Waterproof Traction. Today our run wasn’t too wet, but last weekend the temperatures were a just the right temperatures that the paths were about one-third packed snow, one third overnight ice slicks, and one third ankle-deep puddles (in the sunshiny spots). This means if our feet weren’t slipping on slick patches of mirror-finished frozen puddles, we were sloshing through their thawed cousins. The thaw season is too short to buy special shoes for this, but double layer socks help, and it doesn’t hurt to keep the “winter tires” (those shoes with a little extra traction and a little less venting) out for another couple weeks until things dry up.

Light Gloves. No one ever regrets a pair of light gloves this time of year. What else is there to say? Warm hands are the best and no matter hot warmed up you get, the fingers are usually the last to benefit from increased circulation. And more importantly running with your hands in your pockets down icy trails is the quickest way to smacking your face into the still-frozen ground. You’re going to need those hands ready (and warm) to catch you when you inevitably fall.

Vents & Zippers. Long pants or shorts? Long sleeves or jacket? The temperature changed by five degrees during our one hour run this morning, and then between the sunshine and the shade it was another five degrees. Factor in body heat and that’s a lot of temperature variation. Jackets with zippers that can be unzipped and re-zipped are useful. Clothing with breathable air vents are handy. Light coats with big old armpit zipper vents are amazing and were made for mornings like today. It you can find a pair of running pants that somehow become shorts half way through your outing, you’ve struck it rich for a spring run.

Sunglasses. It can be sunny (and thus sunglass season) for much of the year, but there is something about that low spring sun poking between the tree branches that just begs for eye protection. Also, if you’re anything like me, you wear a brimmed hat in the summer which helps with the high sun, or you run mostly in the dark in winter when a headlamp is more useful. In the spring, especially at our latitude, the sun has just poked up out of the east when we’re setting out on the trails, and it takes the better part of the morning to climb out of that annoying band of the horizon where looking forward somehow also means you’re staring at the blinding glare of our nearest star. I could go without shades for ten months of the year, but spring has one of the months when I don’t run without them.

How should you dress to run in winter?

The saying goes, there’s no such thing as bad weather, only bad wardrobe choices.

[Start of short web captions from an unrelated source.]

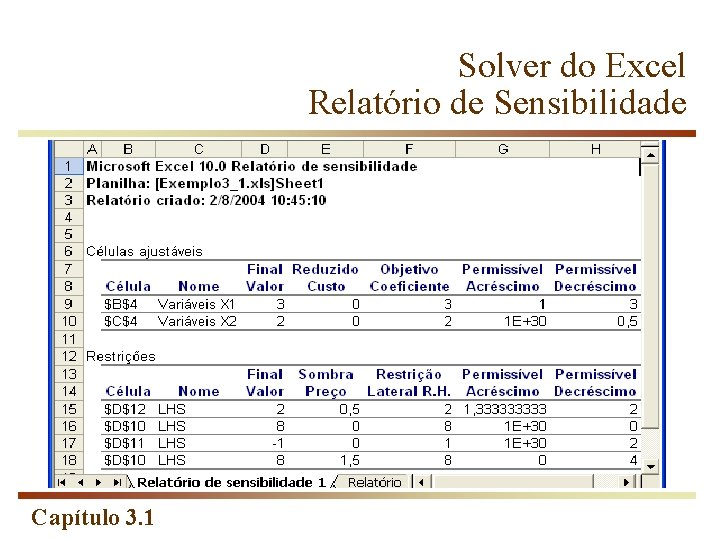 Solver do Excel Relatório de Sensibilidade Capítulo 3. 1 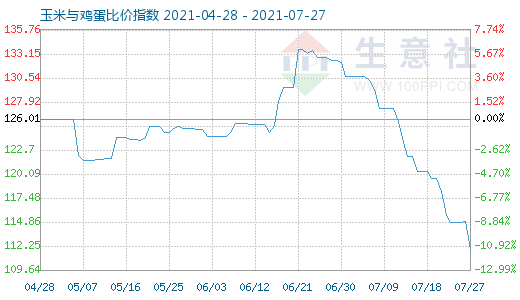 7月27日玉米与鸡蛋比价指数图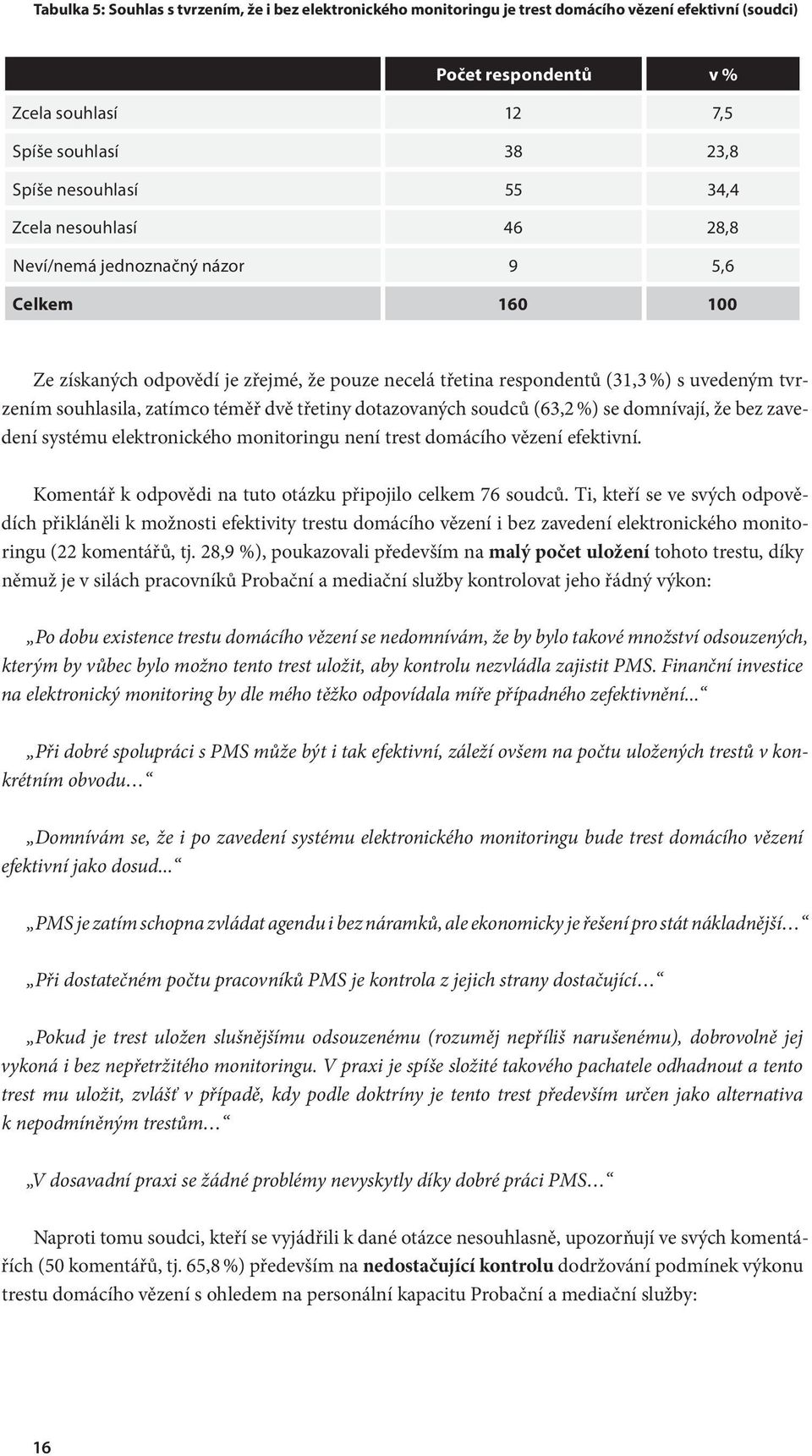 téměř dvě třetiny dotazovaných soudců (63,2 %) se domnívají, že bez zavedení systému elektronického monitoringu není trest domácího vězení efektivní.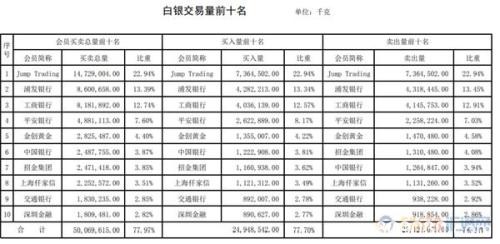 白银交易量回升！铂金代理买入量为自营买入四倍！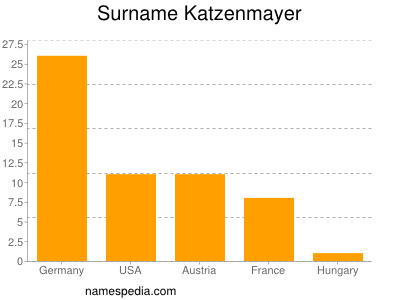 Surname Katzenmayer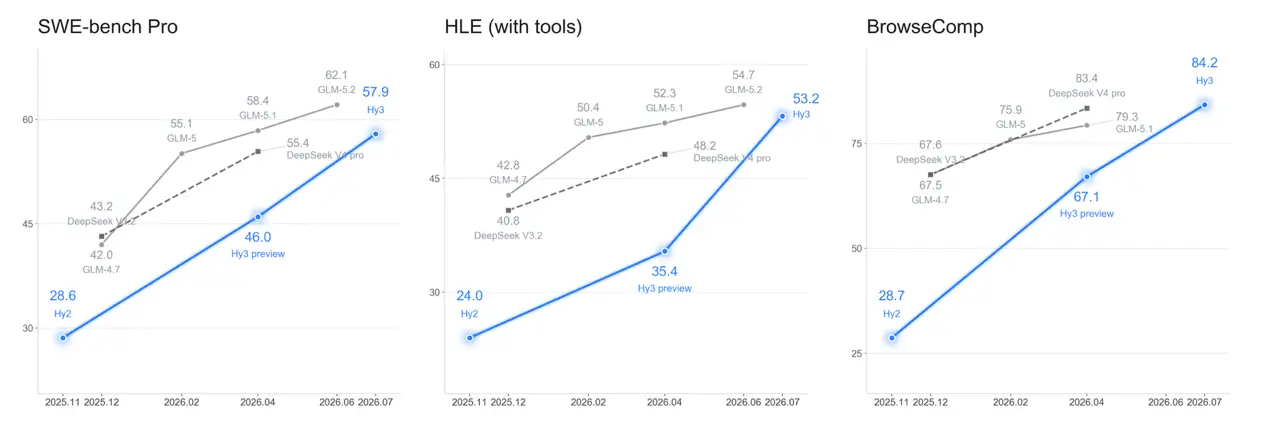 Hy3 model comparison
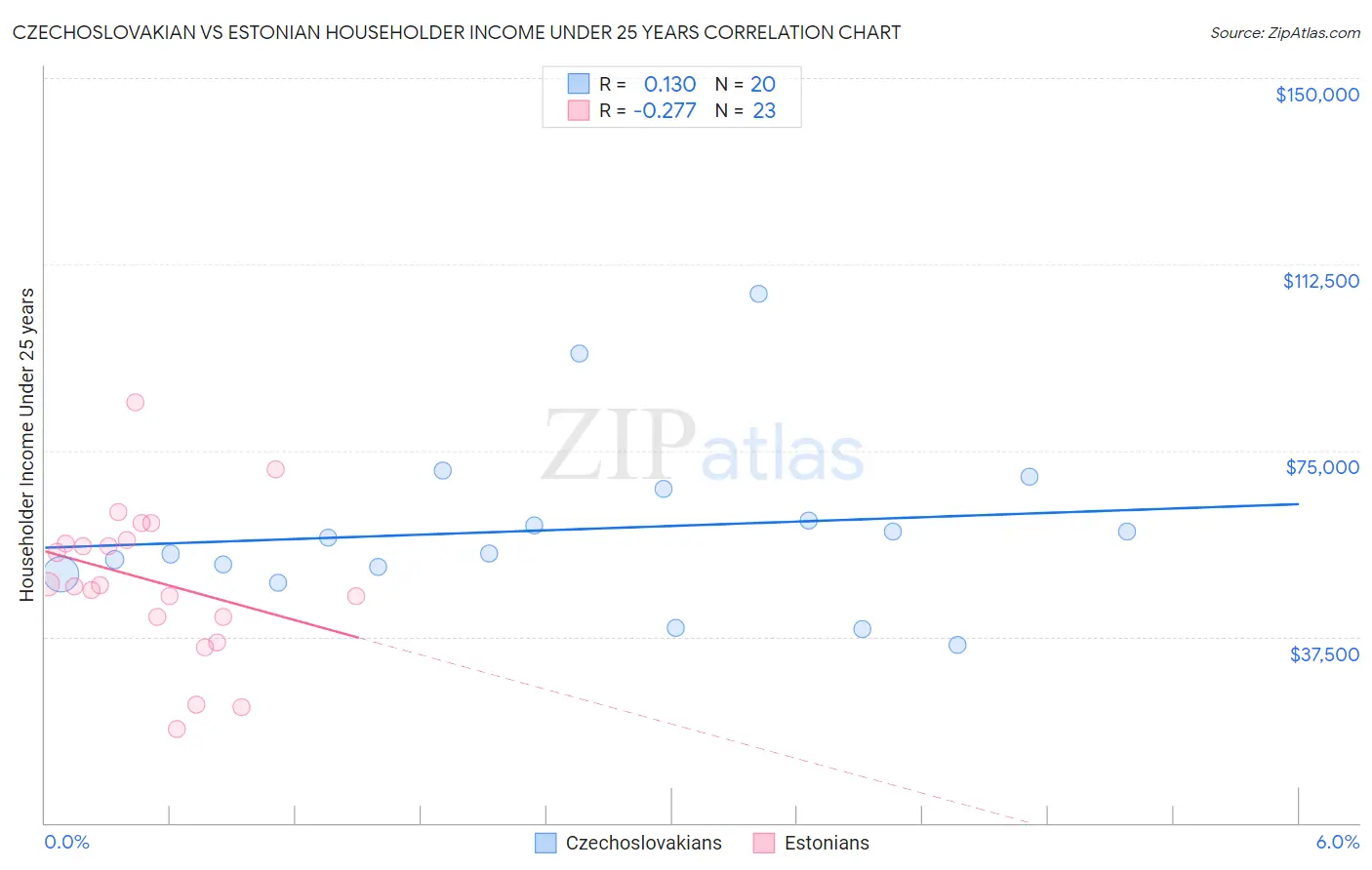 Czechoslovakian vs Estonian Householder Income Under 25 years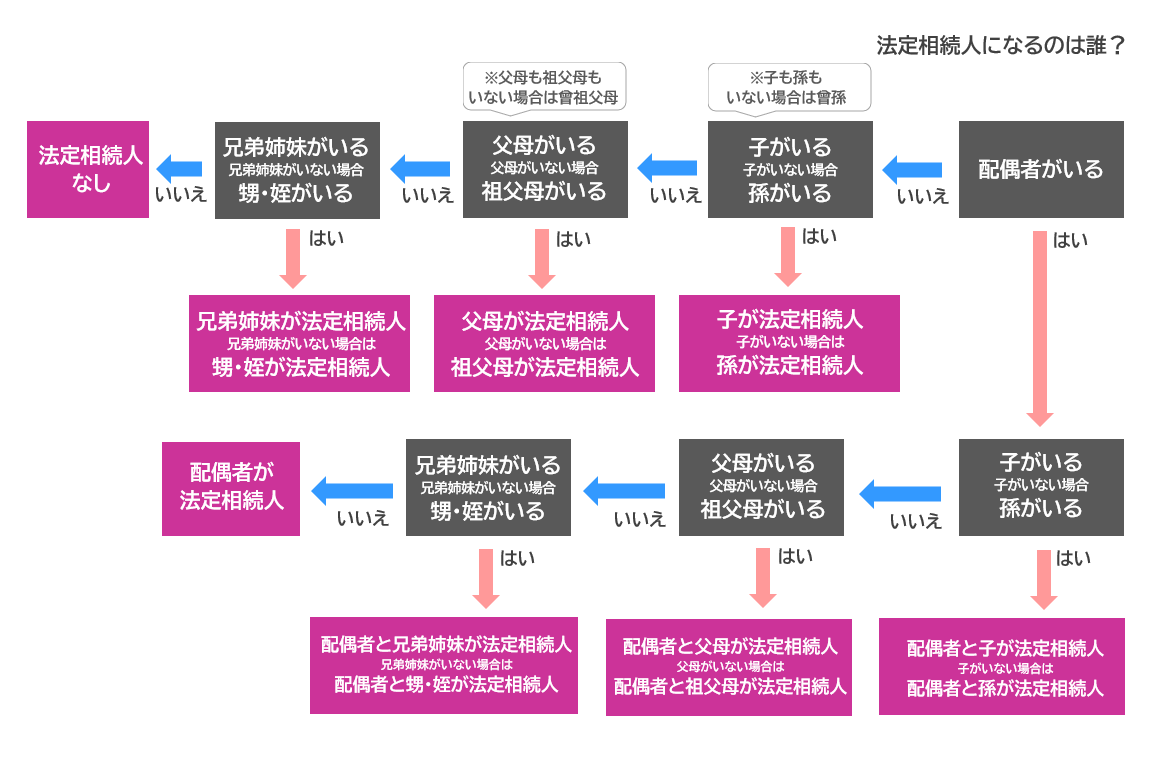 法定相続人が誰かわかるチャート。YESNO式で、法定相続人の人数を把握する。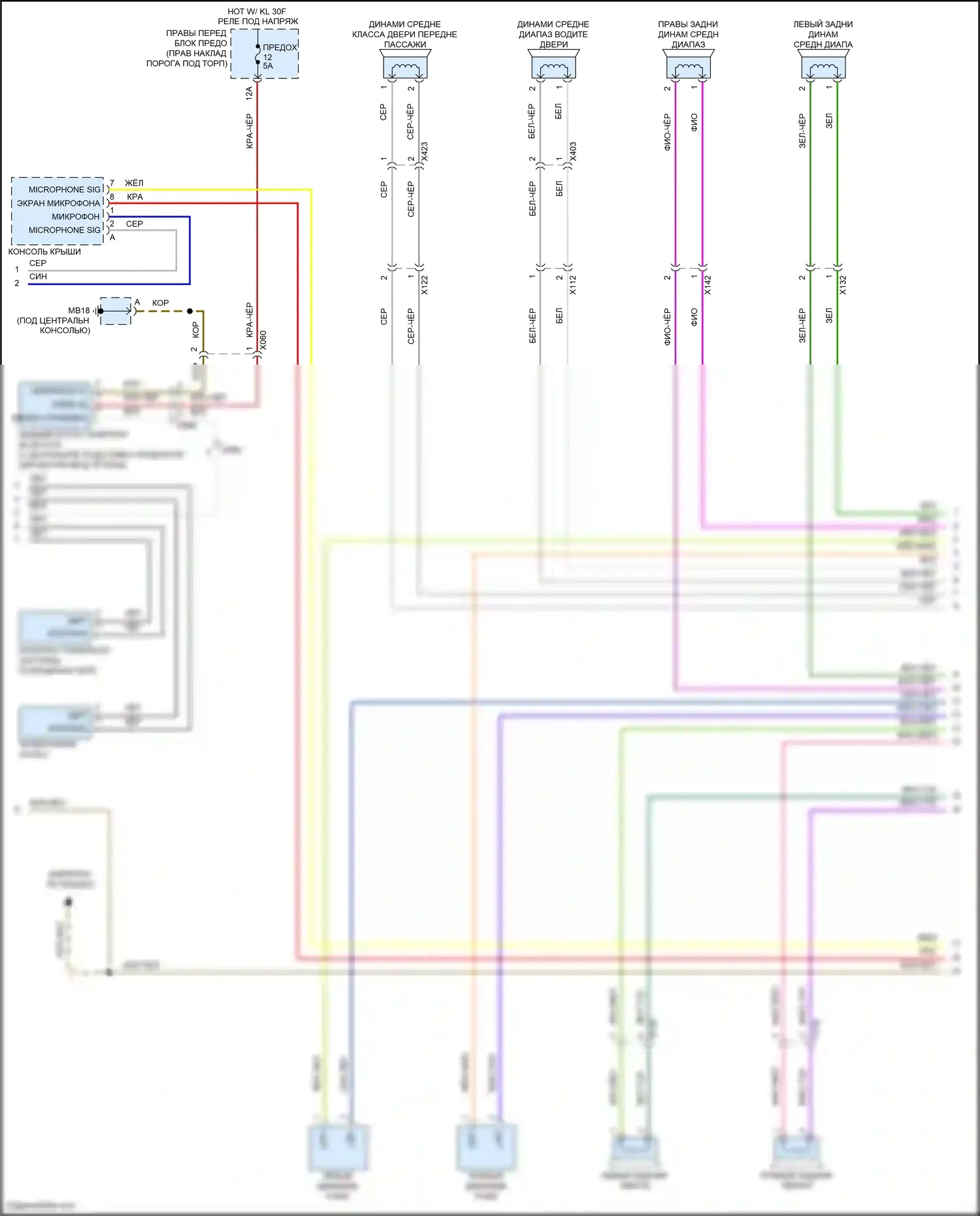 Panamera GTS Porsche 970 рестайлинг (2013-2016): Электросхема радиосистемы премиум-класса, с бирместер (2 из 3) 
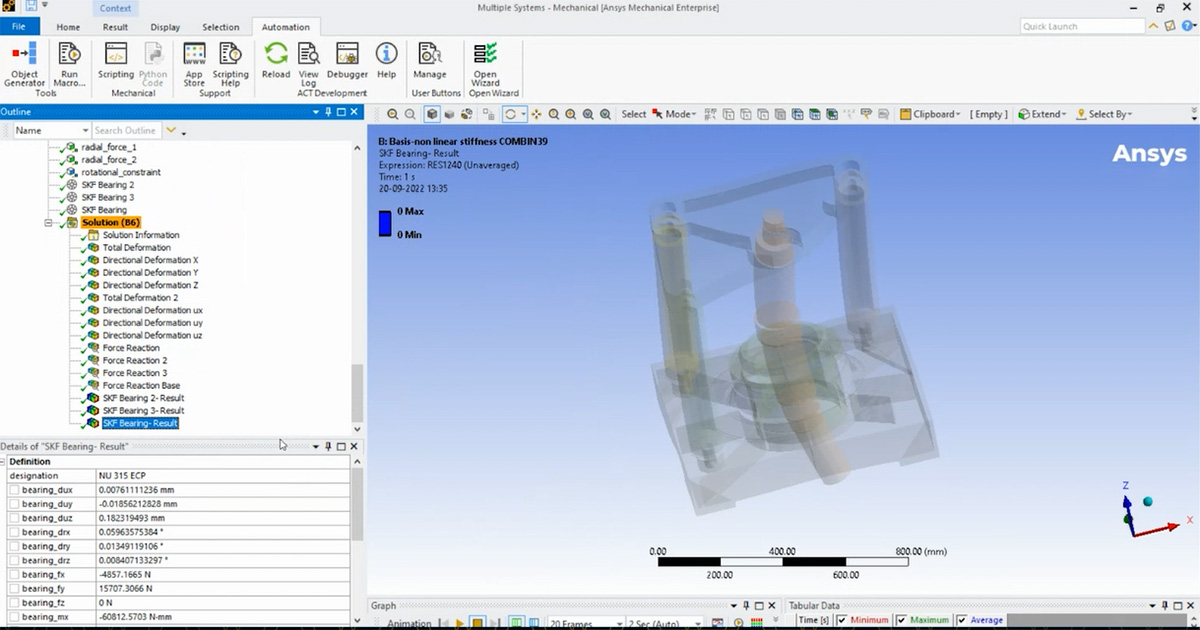 SKF results in Mechanical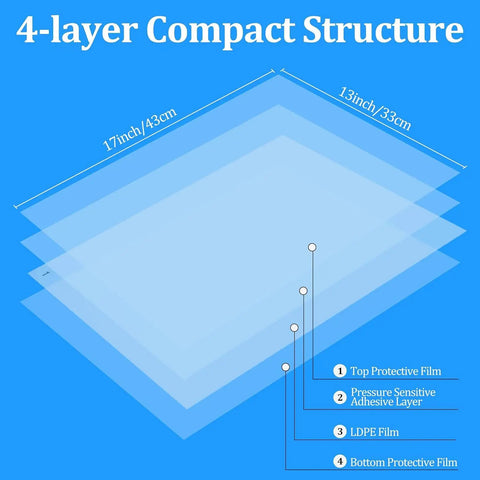 4-layer structure of Rock Solid Adhesive Floor Mats 4 Pack Grip Tight Cleanroom Traps showing dimensions and materials.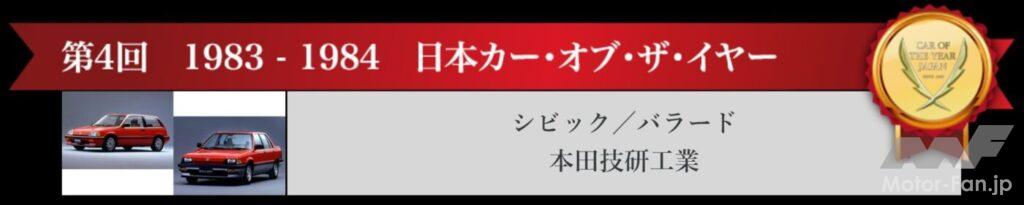 1984-1985日本カー・オブ・ザ・イヤー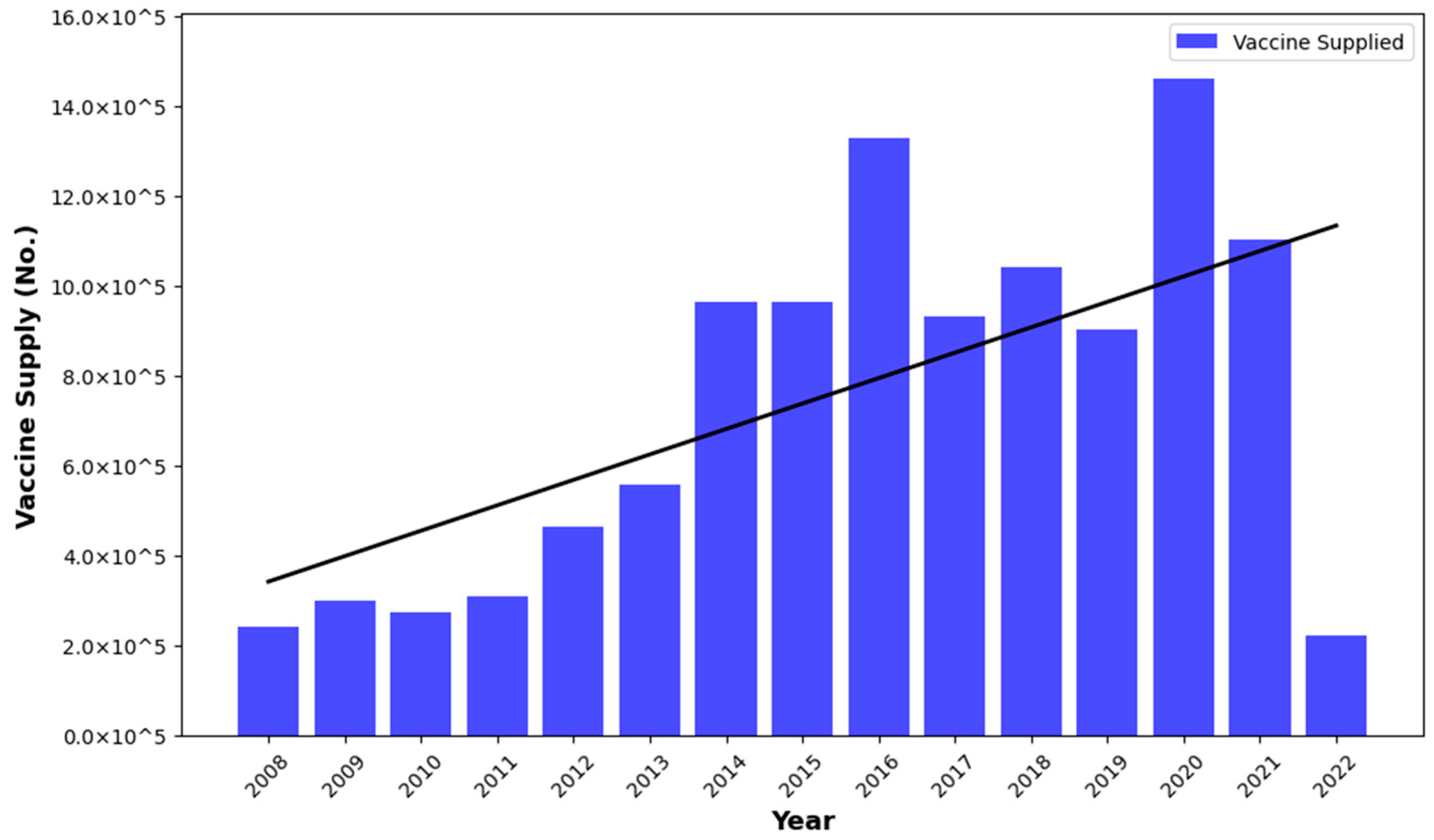 Vaccines 12 01081 g007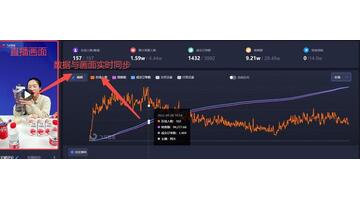 一个新手怎么做直播带货【我想直播卖货怎么做】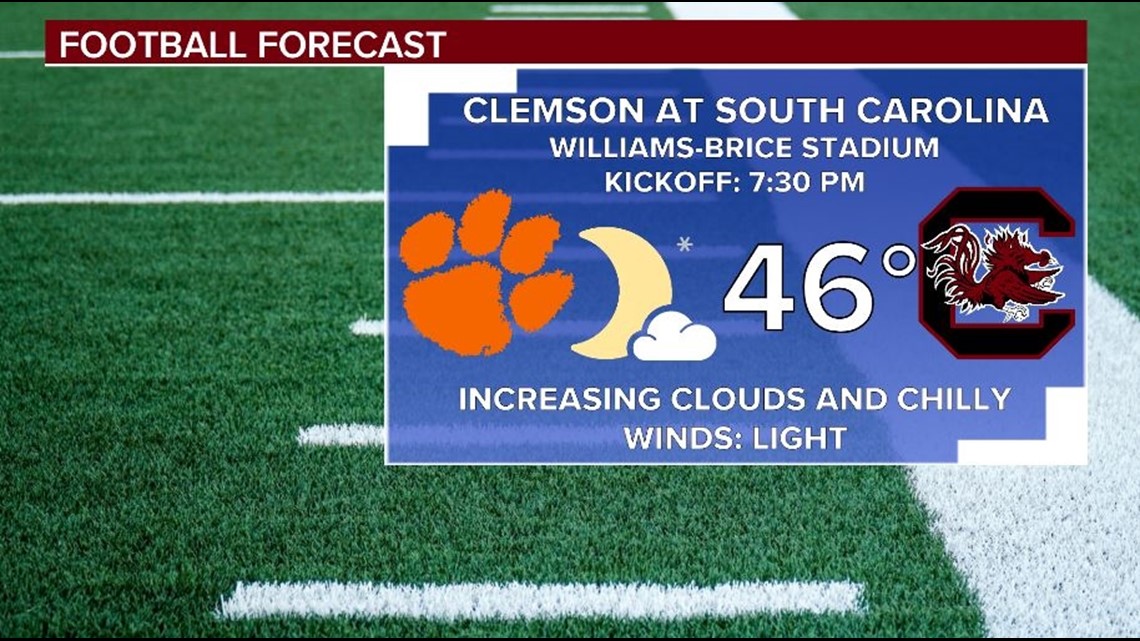 Columbia SC Weather Forecast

Yet, as I prepare to post these words on this Sunday Runday it is -34 degrees Celsius on the other side of my front door and this morning I’m leaning on the fallacy of that statement: that’s actually pretty bad weather.

I do run in the cold, frequently.

When I run in the cold a few simple rules apply.

Layer. Head to toes, it’s generally seems more effective when I have multiple varied layers of clothing than fewer. Layering not only traps warm air in the spaces between the layers, which is what keeps you insulated and warm, but it provides opportunity to select different fabrics for different jobs: insulation, wicking, wind breaking. It also allows you to shed a layer as you warm up.

Tuck. As valuable as lots of layers are, I find they are even more valuable as things are tucked into other things. Sock cuffs pulled over long underwear legs. Shirt hems slipped between skin and the underwear band. Neck buff squeezed under the shirt collar. Half way into your winter run is no time to figure out that there is a freezing breeze sneaking through a gap in your clothing defence.

Head. I often apply the layering and tucking rules to the head and neck as well, but I call it out here because getting the right gear on your noggin is a specifically important point worth mentioning. Ears get frostbite very easily. The neck line and face are tough to work around with the need to breath and all that. And you can make a snug-fit inner hat by turning a buff inside out, twisting it a three-quarter turn at the 60/40 split point, then inverting the longer side over the shorter.

Traction. Often overlooked in cold weather running is proper footwear. Ice is everywhere when the weather turns cold, and deep snow can slip into the air vents of shoes quickly freezing toes and packing into the tips of toes leading to injury on long runs. Specialized shoes are a great investment if you’re a dedicated winter runner. Or, if you’re only sticking to cleared pathways a pair of pull-over traction grips like Yaktrax will last you multiple seasons and store conveniently with your winter gear or in the backseat of a vehicle.

Support. Having a support line is too often taken for granted in cold weather running. If your winter wardrobe doesn’t include easy access to a running partner, or a phone if you’re going out solo, don’t go. Someone always knows where I am on my winter runs. Things can go bad so much more quickly in the cold, and after a few kilometers of sweaty exercise, a damp runner who slips on the ice or twists their ankle in a snowbank can be in huge trouble.